2025 AIChE Annual Meeting
(243e) Safe Reinforcement Learning Control Via Linear MPC Pre-Training for Industrial Chemical Processes
Authors
The MPC algorithm requires an accurate process model to select the appropriate control action. There are two approaches to creating an accurate model: (1) first-principles modeling and (2) data-driven modeling. Creating and maintaining first-principles models is very resource-intensive. On the other hand, building a nonlinear data-driven model requires informative data and constant re-tuning, which is both challenging and costly. Additionally, implementing nonlinear MPC (NMPC) introduces significant computational complexity because it involves solving a nonconvex optimization problem that is very difficult to solve optimally. Therefore, a practical approach is linear MPC, which is more common, employs a linear state-space model, and achieves acceptable closed-loop performance. However, this linearity may fail to control the system effectively when facing disturbances or in complex, nonlinear systems [2].
Model-free reinforcement learning (RL) has emerged as a promising alternative to NMPC. To train and control the system, an RL agent requires random exploration to find the optimal policy. However, such exploration is not feasible in a chemical engineering plant, where maintaining high-quality products and ensuring safety are the top priorities. An alternative approach is to pre-train the agent offline, enabling restricted exploration that does not compromise plant goals. Nonetheless, the challenges associated with MPC persist, as pre-training still demands an accurate system model. Since linear MPC is commonly available, why not start there? Can this limited data be used to pre-train an RL agent before applying it to the real plant to avoid random exploration?
Our group previously leveraged an existing linear MPC to design an RL agent controller [3]. In the proposed method, a linear MPC optimization formula is used to pre-train the agent. The RL agent, which has imitated the performance of a linear MPC, will be applied to the real plant and will then safely learn the system's non-linearity and dynamics using restricted random exploration to avoid safety hazards. Building upon this, the current study aims to demonstrate the applicability of this RL approach for large-scale industrial chemical processes. Additionally, to broaden the algorithm's applicability, we incorporate output and system safety constraints. The efficacy of the safe RL method is evaluated through two case studies: (1) control of a polymerization reactor [4], and (2) distillation column control using an ethylene splitter (C2 splitter) in ASPEN Dynamics. An industrial step-response-based MPC is used for pre-training, and real-time simulations demonstrate the effectiveness of the RL-based control strategy.
References
[1] Wahid, A. and Prasetyo, A.P., 2018, March.

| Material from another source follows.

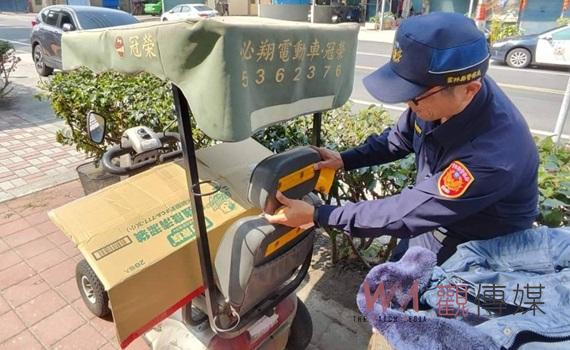臺西警交安宣導送反光貼紙　貼心照顧長者出門好安心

A Comparative study between MPC and PI controller to control vacuum distillation unit for producing LVGO, MVGO, and HVGO. In IOP Conference Series: Materials Science and Engineering (Vol. 334, No. 1, p. 012020). IOP Publishing.
[2] Khather, S.I., Ibrahim, M.A. and Abdullah, A.I., 2023. Review and Performance Analysis of Nonlinear Model Predictive Control--Current Prospects, Challenges and Future Directions. Journal Européen des Systèmes Automatisés, 56(4).
[3] Hassanpour, H., Wang, X., Corbett, B. and Mhaskar, P., 2024. A practically implementable reinforcement learning‐based process controller design. AIChE Journal, 70(1), p.e18245.
[4] Bustos, G.A., Ferramosca, A., Godoy, J.L. and González, A.H., 2016. Application of model predictive control suitable for closed-loop re-identification to a polymerization reactor. Journal of Process Control, 44, pp.1-13.